Thursday, 22 May 2014

The winter of 2014 was cold.

During the months of January and February of the year 2014 I gave an objective to myself. It was to finish the masters dissertation to the point of submission. I also learned that picking a hard topic was probably not the best idea but it was certainly rewarding. Nonetheless, I still received a distinction (the Oxford version of an A) for the work. So, I'm happy share it with the world welcoming any sort of feedback.

If you're interested you can read the full paper here: The full paper

Personal computing devices and servers are becoming more powerful by the day through hardware parallelisation. Such advances require developers to look into concurrency in order to take advantage of the new computing power. However, much of the code is written without formal verification and checked only heuristically through unit or other tests. This dissertation will show how Communicating Sequential Processes (CSP) can be used to detect errors in an application that supports concurrent execution. This is done by isolating common concurrency problems and mapping them into CSP representations.

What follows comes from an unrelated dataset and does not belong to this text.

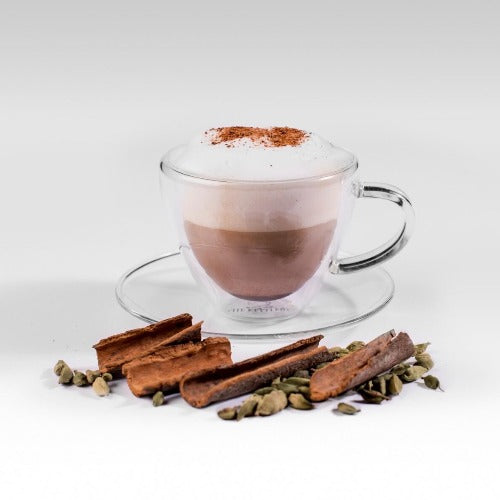 Double walled latte cup and saucer insulated glass coffee tea cup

Finally, Failures-Divergences Refinement (FDR) software package is used to perform refinement checks to detect the errors in the source code. This process allows the developer to build assertions that their code must pass to prove its correctness. 

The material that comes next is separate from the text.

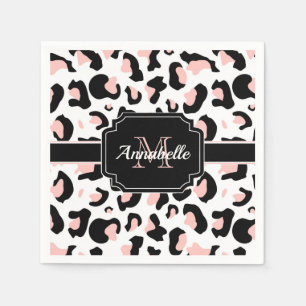 Pink Leopard Print Napkin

I would like to thank my advisor, Dr. Andrew Simpson, and the Software Engineering Program staff for their guidance and quick responses. This project could not have been accomplished without the generosity, patience and accommodation of the family scholarship fund. I am particularly grateful to the American people for providing the opportunity and the Lithuanian people for their infinitely delicious food and heavenly honey. Finally, I wish to thank my wife, Diana, for her love, support and conversation.